Loading the dump file

Now that we have the reference, we can go ahead and load a dump file (let’s assume it’s on the command line) and create a DataTarget derivative:

var target = DataTarget.LoadCrashDump(args[0], CrashDumpReader.DbgEng);
 
var client = target.DebuggerInterface as IDebugClient5;
var control = client as IDebugControl6;

 

Console.Title = “Analyzing “ + args[0];

The later calls get the IDebugClient COM interface for the debugging engine client. The client object also implements a set of IDebugControl interfaces which we’ll need to execute commands entered by the user, as we’ll see in a bit.

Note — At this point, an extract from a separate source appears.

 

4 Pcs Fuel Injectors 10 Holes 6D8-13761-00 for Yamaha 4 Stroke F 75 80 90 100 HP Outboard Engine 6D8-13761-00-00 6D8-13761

The way the debugger client object works is by notifying interested parties when things happen – various debugging events and output from commands. Since we’ll be working with dump files, there is just one event that can occur – an exception if the dump file is a crash dump, which we’ll ignore here. Otherwise, we’re only interested in outputs.

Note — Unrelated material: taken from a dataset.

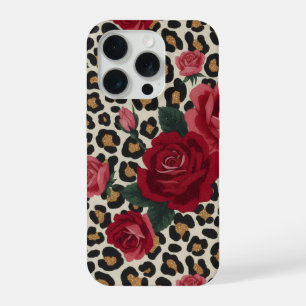 Motif Roses Rouges Léopard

IDebugClient has a SetOutputCallbacks method that accepts an implementation of IDebugOutputCallbacks interface that we must implement. The problem is, that the interop wrappers that CLRMD comes with list the argument as an opaque IntPtr, which is not good enough.

Fixing CLRMD

So I had to clone the Git repository and make the changes so that SetOutputCallbacks (and SetEventCallbacks in case events are of interest) accepts the proper interface instead of the unhelpful IntPtr:

[PreserveSig]
int SetOutputCallbacks([In] IDebugOutputCallbacks Callbacks);

The other methods are similar and had to be replaced in all IDebugClient interface versions, including a “Wide” version that works with Unicode strings, which are always preferred when interoperating with .NET strings.

Now we must remove the NuGet package and add a reference to the modified assembly for CLRMD.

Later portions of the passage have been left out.